» Given records:
------------------------

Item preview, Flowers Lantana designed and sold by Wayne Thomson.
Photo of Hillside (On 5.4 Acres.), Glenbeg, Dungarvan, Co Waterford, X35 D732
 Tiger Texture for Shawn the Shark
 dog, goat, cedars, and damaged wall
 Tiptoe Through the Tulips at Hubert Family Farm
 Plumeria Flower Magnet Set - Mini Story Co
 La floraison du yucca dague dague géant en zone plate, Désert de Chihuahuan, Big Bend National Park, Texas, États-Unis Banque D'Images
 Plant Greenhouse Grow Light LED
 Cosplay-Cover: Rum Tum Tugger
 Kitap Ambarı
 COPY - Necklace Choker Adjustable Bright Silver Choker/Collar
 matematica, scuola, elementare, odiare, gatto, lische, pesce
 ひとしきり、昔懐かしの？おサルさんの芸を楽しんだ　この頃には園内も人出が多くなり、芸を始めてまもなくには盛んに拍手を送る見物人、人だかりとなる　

------------------------

» What you will do:
Each line from the one containing "Tiptoe Through the" through the end of the material should be restated word for word; leave out every line before it.

» Exercise solution:
 Tiptoe Through the Tulips at Hubert Family Farm
 Plumeria Flower Magnet Set - Mini Story Co
 La floraison du yucca dague dague géant en zone plate, Désert de Chihuahuan, Big Bend National Park, Texas, États-Unis Banque D'Images
 Plant Greenhouse Grow Light LED
 Cosplay-Cover: Rum Tum Tugger
 Kitap Ambarı
 COPY - Necklace Choker Adjustable Bright Silver Choker/Collar
 matematica, scuola, elementare, odiare, gatto, lische, pesce
 ひとしきり、昔懐かしの？おサルさんの芸を楽しんだ　この頃には園内も人出が多くなり、芸を始めてまもなくには盛んに拍手を送る見物人、人だかりとなる　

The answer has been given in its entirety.